[Dataset items]
"""

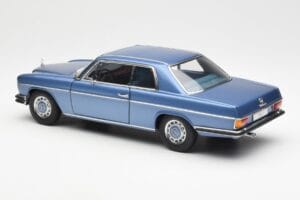 Mercedes 280C/8 W114 クーペ ブルー メタリック AUTOart 1:18 76187 メタル - 画像 7/8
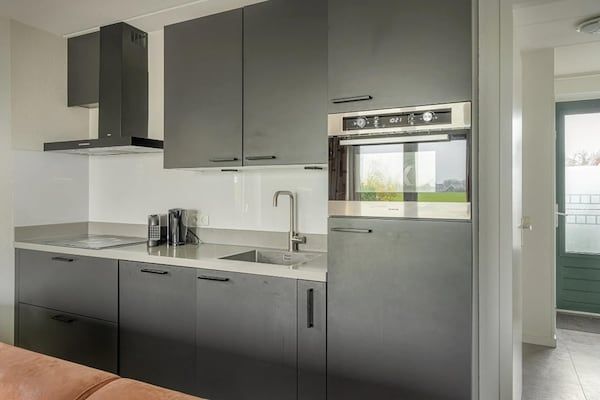 Keuken - Luxe vakantiehuis met spa in Tzummarum (4)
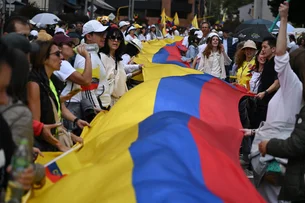 Em resposta ao atentado a Miguel Uribe, Colômbia tem protestos neste domingo, 15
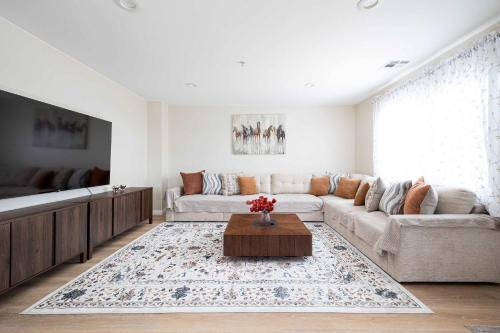 Spacious San Diego Home Family friendly with Free Parking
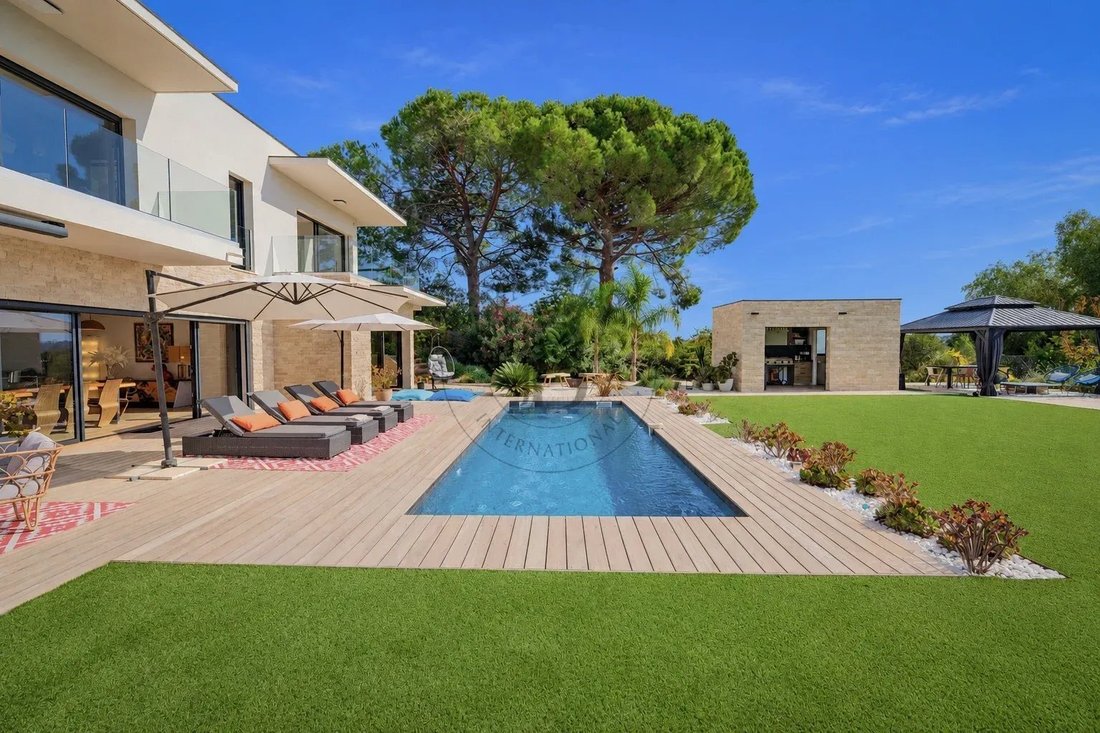Casa en Mougins, Provenza-Alpes-Costa Azul, Francia 4 - 19138302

"""

# What this task involves:
Return only the lines from the one containing "Keuken - Luxe" through the last line of the entries above, exactly as written and without pictures.

# Exercise result:
 Keuken - Luxe vakantiehuis met spa in Tzummarum (4)
 Em resposta ao atentado a Miguel Uribe, Colômbia tem protestos neste domingo, 15
 Spacious San Diego Home Family friendly with Free Parking
Casa en Mougins, Provenza-Alpes-Costa Azul, Francia 4 - 19138302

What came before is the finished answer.